The same could be said of influencer marketing in general, and of Lewis’s company in particular, an online marketplace where the main product is People. We call them influencers, but really they’re just people that know their shit. And brands are looking to invest in them.

Toward that end, Scrunch was born—launched in December of 2015 as neither the first nor the last influencer marketplace aiming to connect brands with influencers. By the time of Scrunch’s launch, the influencer marketplace was still a relatively new thing. By now, though, we all roughly know what to expect as far as features. The ability to search, connect, negotiate, and collaborate with influencers for campaigns is foundational, with varying degrees of campaign management and reporting from platform to platform. And how does Scrunch stack up?

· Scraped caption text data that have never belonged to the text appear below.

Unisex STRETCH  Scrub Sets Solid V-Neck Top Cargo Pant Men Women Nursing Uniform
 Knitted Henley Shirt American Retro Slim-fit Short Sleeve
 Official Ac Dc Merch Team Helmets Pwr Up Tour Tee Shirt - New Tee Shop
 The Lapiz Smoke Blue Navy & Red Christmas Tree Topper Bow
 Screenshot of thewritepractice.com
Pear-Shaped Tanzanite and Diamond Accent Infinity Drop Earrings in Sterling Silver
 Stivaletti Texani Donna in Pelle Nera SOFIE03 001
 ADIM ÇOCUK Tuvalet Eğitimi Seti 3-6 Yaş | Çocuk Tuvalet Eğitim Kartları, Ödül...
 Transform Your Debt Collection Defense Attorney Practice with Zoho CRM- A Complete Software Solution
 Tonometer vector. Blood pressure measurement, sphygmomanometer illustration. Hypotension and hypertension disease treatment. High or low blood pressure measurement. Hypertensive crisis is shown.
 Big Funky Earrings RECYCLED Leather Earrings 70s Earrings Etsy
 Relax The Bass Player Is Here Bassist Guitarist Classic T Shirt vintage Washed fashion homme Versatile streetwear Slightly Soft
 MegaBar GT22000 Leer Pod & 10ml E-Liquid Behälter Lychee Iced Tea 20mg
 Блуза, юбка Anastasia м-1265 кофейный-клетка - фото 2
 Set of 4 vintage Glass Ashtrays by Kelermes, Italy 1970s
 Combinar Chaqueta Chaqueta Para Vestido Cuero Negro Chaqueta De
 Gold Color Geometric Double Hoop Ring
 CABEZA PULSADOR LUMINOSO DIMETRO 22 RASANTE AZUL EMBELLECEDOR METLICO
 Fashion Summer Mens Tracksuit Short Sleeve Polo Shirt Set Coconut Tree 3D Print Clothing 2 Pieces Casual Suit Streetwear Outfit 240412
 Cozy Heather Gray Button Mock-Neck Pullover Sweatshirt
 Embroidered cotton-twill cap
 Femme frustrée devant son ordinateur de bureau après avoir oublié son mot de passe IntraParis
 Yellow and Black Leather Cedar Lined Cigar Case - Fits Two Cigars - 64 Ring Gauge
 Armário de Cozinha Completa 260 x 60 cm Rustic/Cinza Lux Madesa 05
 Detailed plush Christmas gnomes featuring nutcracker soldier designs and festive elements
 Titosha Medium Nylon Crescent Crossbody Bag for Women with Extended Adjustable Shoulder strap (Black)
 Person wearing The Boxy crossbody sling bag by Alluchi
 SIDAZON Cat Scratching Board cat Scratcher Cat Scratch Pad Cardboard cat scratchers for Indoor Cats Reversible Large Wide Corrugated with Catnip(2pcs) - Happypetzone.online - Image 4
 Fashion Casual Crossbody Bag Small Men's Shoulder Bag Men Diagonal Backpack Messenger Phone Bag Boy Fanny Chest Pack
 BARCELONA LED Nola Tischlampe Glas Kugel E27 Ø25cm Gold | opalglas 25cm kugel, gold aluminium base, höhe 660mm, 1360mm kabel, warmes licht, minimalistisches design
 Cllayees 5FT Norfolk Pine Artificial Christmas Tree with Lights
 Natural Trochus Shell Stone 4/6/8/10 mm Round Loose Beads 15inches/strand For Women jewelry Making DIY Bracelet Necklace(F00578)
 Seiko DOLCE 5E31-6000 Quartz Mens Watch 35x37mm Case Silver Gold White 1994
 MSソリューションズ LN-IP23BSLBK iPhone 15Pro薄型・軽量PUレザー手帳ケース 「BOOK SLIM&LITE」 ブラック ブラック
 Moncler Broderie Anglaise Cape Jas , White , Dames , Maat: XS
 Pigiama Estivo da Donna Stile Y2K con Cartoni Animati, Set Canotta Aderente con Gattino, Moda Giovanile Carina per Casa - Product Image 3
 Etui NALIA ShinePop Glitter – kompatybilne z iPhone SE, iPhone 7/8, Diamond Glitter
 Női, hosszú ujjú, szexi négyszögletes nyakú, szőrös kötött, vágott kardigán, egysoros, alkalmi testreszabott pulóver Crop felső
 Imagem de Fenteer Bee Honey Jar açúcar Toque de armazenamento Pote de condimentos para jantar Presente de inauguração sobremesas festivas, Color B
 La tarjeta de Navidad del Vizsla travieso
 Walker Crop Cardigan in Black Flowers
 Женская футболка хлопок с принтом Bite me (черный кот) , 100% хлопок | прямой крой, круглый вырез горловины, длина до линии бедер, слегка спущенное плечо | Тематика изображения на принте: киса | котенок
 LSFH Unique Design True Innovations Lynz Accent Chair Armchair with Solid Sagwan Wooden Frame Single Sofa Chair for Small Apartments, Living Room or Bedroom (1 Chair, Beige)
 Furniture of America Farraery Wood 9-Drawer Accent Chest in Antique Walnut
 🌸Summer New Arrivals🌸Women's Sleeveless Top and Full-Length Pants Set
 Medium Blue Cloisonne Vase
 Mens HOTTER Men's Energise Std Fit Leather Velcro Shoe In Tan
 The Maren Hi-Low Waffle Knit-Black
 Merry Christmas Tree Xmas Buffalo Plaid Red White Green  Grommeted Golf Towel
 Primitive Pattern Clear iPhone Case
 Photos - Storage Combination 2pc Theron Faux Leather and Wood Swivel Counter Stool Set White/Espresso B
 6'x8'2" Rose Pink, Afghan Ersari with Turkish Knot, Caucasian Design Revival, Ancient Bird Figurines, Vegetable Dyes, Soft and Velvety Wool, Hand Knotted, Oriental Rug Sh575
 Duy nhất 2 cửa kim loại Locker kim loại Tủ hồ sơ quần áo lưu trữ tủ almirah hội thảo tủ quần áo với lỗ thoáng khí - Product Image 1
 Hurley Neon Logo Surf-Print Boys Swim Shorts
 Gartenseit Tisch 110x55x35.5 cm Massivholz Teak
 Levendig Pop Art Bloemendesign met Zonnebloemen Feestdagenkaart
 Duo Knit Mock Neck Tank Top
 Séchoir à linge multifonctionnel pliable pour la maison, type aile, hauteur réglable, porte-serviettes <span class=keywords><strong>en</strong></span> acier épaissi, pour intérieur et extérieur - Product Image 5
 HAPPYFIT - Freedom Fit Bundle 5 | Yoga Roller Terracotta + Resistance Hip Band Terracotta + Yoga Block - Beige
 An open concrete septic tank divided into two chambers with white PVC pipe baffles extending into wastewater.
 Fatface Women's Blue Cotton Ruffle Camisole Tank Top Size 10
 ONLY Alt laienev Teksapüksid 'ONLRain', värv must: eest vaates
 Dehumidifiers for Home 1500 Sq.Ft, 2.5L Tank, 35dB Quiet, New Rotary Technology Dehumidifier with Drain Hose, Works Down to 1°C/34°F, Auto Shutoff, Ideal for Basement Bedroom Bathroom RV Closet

Without even going into The Details, their recent success tells you that the platform isn’t lacking. They’ve achieved steady growth and investment over the last couple of years while landing big name clients like Vogue and Mini. Most notably, the recently announced partnership with NewsCorp simultaneously seems like a big payoff for their past efforts while creating a tremendous growth opportunity for the future.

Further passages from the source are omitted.